3.   Complex congenital lesions. In patients with transposition of the great arteries and Mustard or Senning surgery, intra-atrial baffles are clearly visualized and any residual obstruction detected, such as in the baffle that directs blood flow from the pulmonary veins to the right atrium. In Jatene anatomic correction, the anastomosis of the great vessels can be evaluated, as well as the functional status of the pulmonary and aortic valves, and the left ventricle. Intraoperative transesophageal echocardiography is especially useful in complex repairs of outflow tracts such as placement of intraventricular conduits in patients with double outlet ventricle (Rastelli surgery).
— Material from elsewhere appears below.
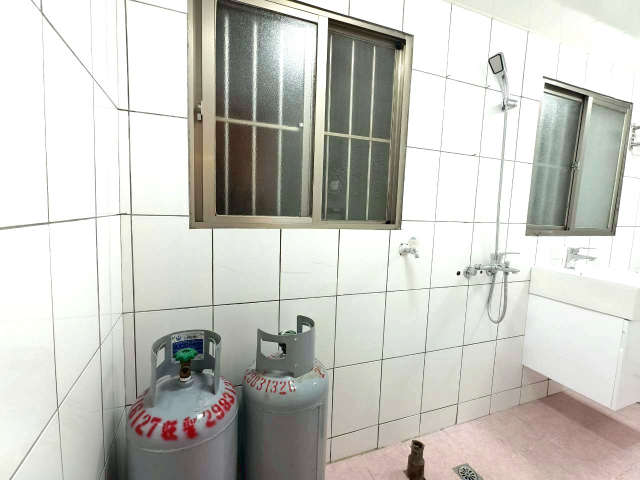 B140 稀有低總價一樓捷運商圈７分鐘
4.   Assessment of ventricular function. Transesophageal echocardiography is useful in assessing ventricular function during and immediately after surgery. Ventricular dysfunction associated with cardiopulmonary bypass has poor prognosis. Intraoperative transesophageal echocardiography is not without limitations. For example, assessment of residual mitral regurgitation after repair of atrioventricular septal defects should take into account the different hemodynamic factors such as preload, ventricular function, and systolic blood pressure. Otherwise, significant residual regurgitation would be misdiagnosed as mild.

Valvular repairs and complex reconstruction of the outflow tracts benefit the most from the additional information provided by intraoperative transesophageal echocardiography.